(What to do)
Copy out all lines in the data below containing the string "Love".

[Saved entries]
┌──
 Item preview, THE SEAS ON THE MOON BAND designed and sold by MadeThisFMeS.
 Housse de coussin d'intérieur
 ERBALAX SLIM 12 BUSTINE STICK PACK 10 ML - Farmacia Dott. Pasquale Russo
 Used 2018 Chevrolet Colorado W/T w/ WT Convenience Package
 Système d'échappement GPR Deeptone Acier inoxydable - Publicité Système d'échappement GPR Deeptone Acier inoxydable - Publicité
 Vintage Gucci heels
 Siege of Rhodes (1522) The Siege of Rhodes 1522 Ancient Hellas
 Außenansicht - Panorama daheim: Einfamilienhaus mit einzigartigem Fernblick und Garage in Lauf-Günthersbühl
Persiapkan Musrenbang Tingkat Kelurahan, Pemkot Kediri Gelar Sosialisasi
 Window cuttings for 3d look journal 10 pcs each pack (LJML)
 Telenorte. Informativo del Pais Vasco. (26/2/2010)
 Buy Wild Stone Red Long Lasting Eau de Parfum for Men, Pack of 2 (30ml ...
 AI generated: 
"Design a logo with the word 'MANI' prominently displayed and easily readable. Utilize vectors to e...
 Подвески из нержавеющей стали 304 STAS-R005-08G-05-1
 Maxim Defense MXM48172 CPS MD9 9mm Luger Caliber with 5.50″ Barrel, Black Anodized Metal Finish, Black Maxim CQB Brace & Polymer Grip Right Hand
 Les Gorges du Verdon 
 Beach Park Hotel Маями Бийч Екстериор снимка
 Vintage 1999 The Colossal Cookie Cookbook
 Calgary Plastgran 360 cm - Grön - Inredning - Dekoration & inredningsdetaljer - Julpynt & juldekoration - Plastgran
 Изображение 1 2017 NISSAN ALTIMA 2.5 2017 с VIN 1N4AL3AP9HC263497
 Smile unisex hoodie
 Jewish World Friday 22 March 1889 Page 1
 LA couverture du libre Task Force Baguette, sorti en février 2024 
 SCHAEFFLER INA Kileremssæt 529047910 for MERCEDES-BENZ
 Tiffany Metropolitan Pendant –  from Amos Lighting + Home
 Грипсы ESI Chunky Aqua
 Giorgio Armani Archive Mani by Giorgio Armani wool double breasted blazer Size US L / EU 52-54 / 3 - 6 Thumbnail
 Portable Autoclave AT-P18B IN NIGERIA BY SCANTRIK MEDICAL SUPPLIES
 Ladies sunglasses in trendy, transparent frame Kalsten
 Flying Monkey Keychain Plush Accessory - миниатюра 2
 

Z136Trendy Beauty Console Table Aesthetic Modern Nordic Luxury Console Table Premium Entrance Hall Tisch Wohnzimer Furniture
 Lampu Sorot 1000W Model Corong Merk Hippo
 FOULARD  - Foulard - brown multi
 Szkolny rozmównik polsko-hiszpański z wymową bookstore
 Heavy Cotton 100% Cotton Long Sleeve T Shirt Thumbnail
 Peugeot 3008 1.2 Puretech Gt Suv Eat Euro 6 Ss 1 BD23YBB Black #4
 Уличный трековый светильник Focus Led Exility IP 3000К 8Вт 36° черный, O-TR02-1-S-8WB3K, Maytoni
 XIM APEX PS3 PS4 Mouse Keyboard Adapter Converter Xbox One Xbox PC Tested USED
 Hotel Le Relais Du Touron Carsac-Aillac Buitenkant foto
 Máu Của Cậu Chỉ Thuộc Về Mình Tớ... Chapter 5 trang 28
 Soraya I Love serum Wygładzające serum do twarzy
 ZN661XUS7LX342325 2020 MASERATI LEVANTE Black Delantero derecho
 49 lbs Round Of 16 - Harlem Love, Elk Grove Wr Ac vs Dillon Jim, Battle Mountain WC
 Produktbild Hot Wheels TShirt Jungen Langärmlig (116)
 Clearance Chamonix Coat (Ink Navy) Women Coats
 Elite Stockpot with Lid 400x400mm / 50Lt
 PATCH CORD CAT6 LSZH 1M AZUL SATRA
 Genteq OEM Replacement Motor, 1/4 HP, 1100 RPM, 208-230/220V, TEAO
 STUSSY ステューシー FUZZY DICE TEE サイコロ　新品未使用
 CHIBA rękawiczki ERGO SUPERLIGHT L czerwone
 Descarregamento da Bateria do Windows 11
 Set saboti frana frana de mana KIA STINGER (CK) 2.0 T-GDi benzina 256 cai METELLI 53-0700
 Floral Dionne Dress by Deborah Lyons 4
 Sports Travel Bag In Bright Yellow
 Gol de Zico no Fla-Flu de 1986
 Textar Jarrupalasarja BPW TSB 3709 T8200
└──
(Solution to the exercise)
 Soraya I Love serum Wygładzające serum do twarzy
 49 lbs Round Of 16 - Harlem Love, Elk Grove Wr Ac vs Dillon Jim, Battle Mountain WC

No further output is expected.